Aplicar Retroatividade ou Irretroatividade a uma lei significa afirmar que esta estaria, necessariamente, a provocar mudança em algum caso concreto julgado ou em julgamento. Ou, no direito tributário, assegurar ao contribuinte segurança em face dos insaciáveis governos ávidos por mais tributos.

Não há, pelas razões expostas, portanto, que se chamar a enfrentar a Lei da Ficha Limpa os Princípios da Retroatividade e da Irretroatividade.

Como dissemos no artigo anterior, por foça de uma Ação Declaratória de Constitucionalidade (ADC) proposta pelo Partido Popular Socialista – PPS, e agora por outra da OAB Federal, o Supremo há de decidir pela constitucionalidade ou não da Ficha Limpa, antes que se inicie o processo eleitoral de 2012, tornando claro o seu alcance.

Um comentário:

  1. Luiz Claudio da Cunha Almeida13 de setembro de 2011 às 09:12

    mais amigo, vocÊ diz nao se tratar de penal, mais vocÊ nao acha que ao impedir uma candidatura nao seria uma especie de pena? uma sanção proibitiva?

    mesmo você colocando como seleção, condição, mas você acha realmente e criticamente, que sai totalmente do contesto de uma pena?


    bom amigo, eu acho que pelo principio de justiça, deve-se passar a valer a partir de agora! não se deve jamais condenar alguem a algo, que antes num existia, que ele num tinha conhecimento de que ocasionaria tal fato!

    é como se, por exemplo, hoje você joga futebol, e sem querer se envolveu numa briga com um bebado onde foi indiciado por lesão corporal, ai daqui a uns 3 anos vem uma lei proferindo que quem possuir a ficha com algum delito será banido do esporte... seria justo, você ser banido do esporte, por causa de coisa que antes num fazia a menor diferença? ou seria justo passar a valer a partir dali?

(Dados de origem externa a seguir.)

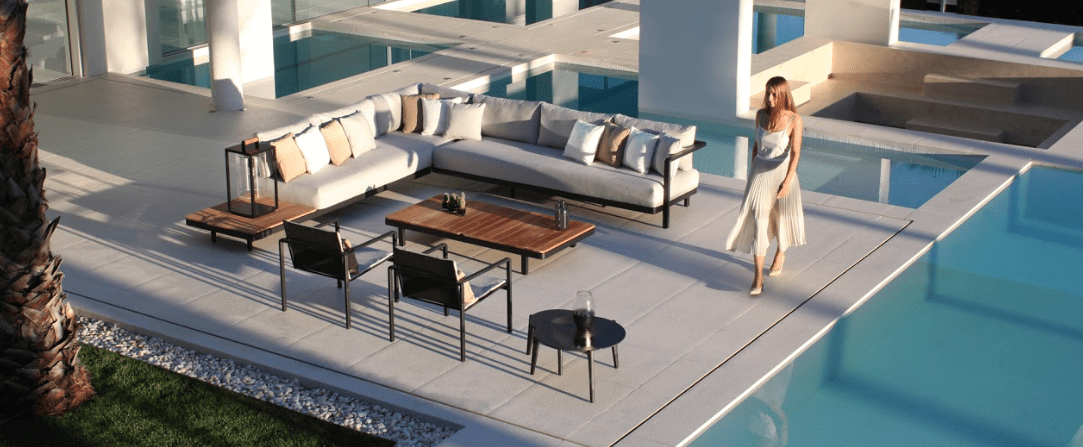 Meubili - Royal Botania - Alura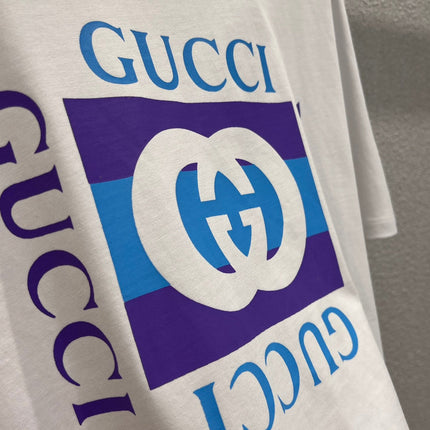 GUCCI T-SHIRT STYLE 103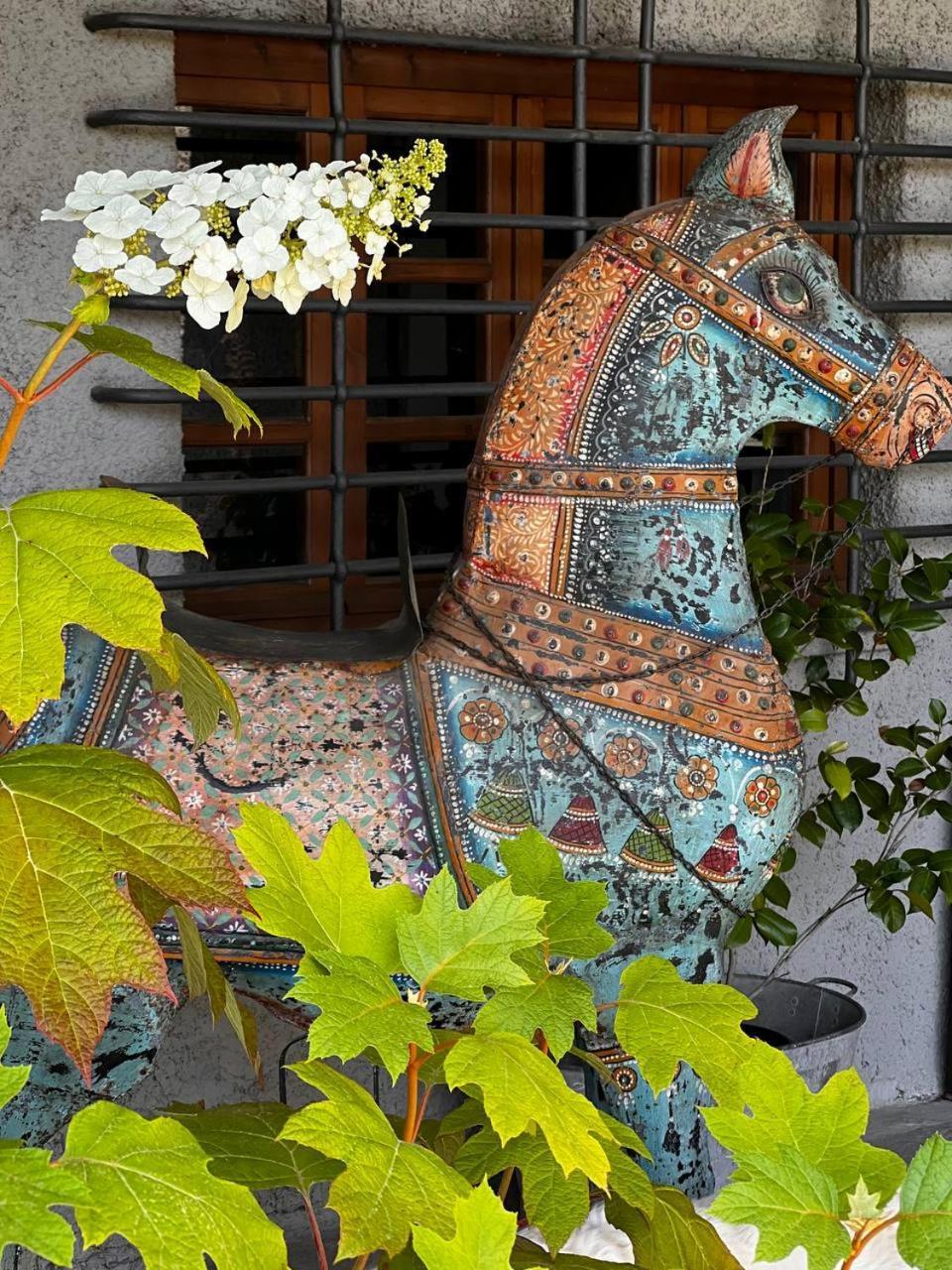 Cascina Gazzeri Country House Tagliolo Monferrato Extérieur photo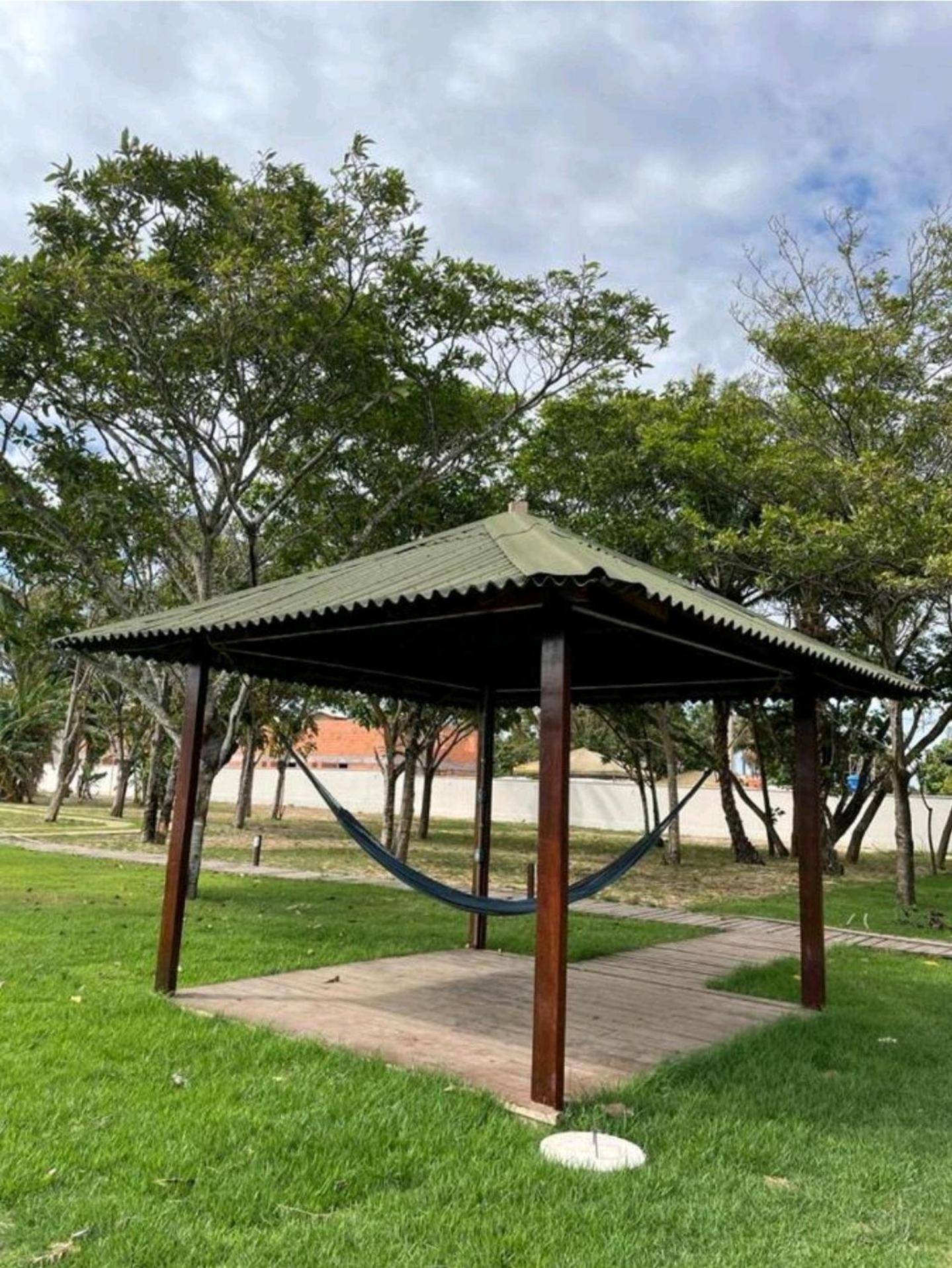 Ap Remanso - Cond Lençois Confort Barreirinhas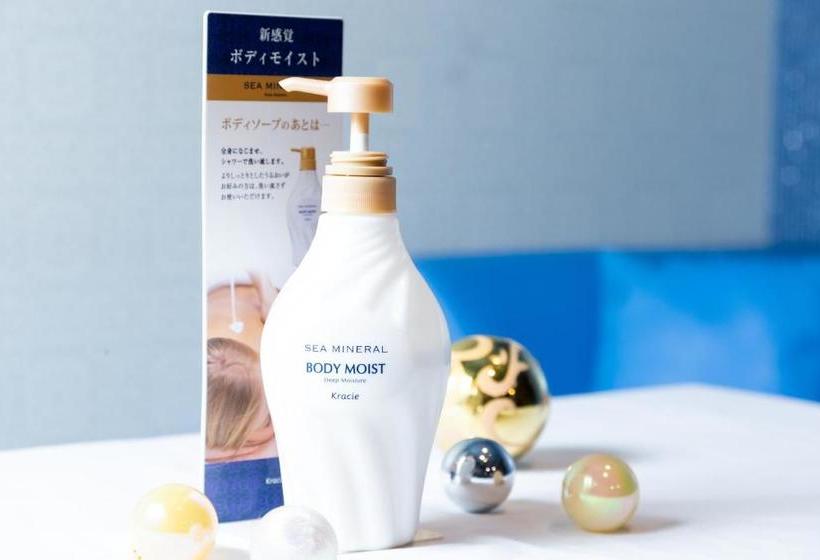 فندق Blan Chapel Christmas Narita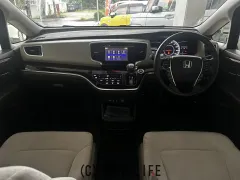 ホンダ オデッセイ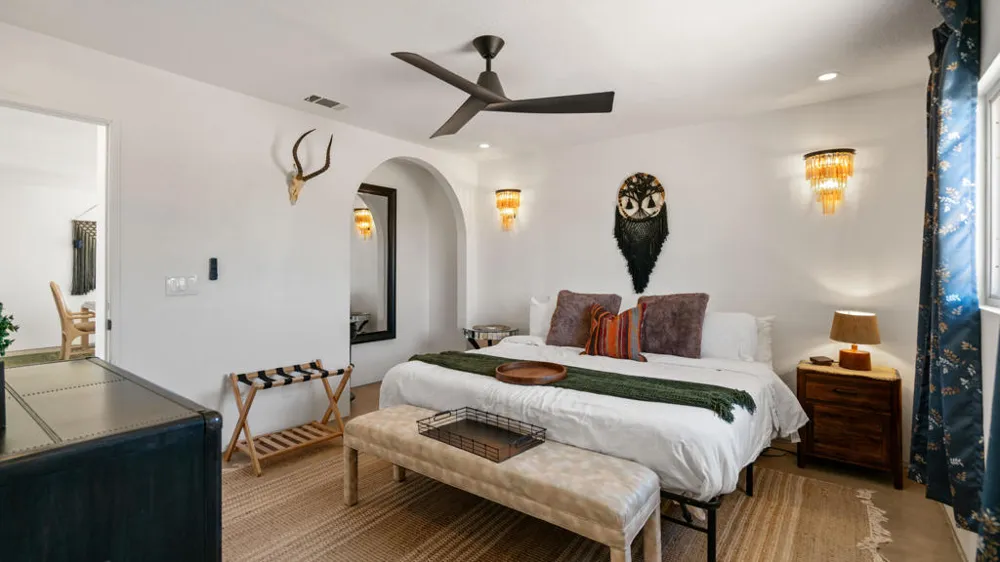 4999 Sungold Avenue Joshua Tree, CA 92252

    quero deixar claro que nao sou politico, só acho que quem decide é a população! a midia pode alertar "olha esse cara tem isso e aquilo na ficha" mas impedi-lo de exercer aquilo que talvez é seu sonho, sua realização pessoal... axo um absurdo


    sou estudante do 3º período de Direito do UBM de Barra Mansa,

    um abraço, e está de parabens pelo blog!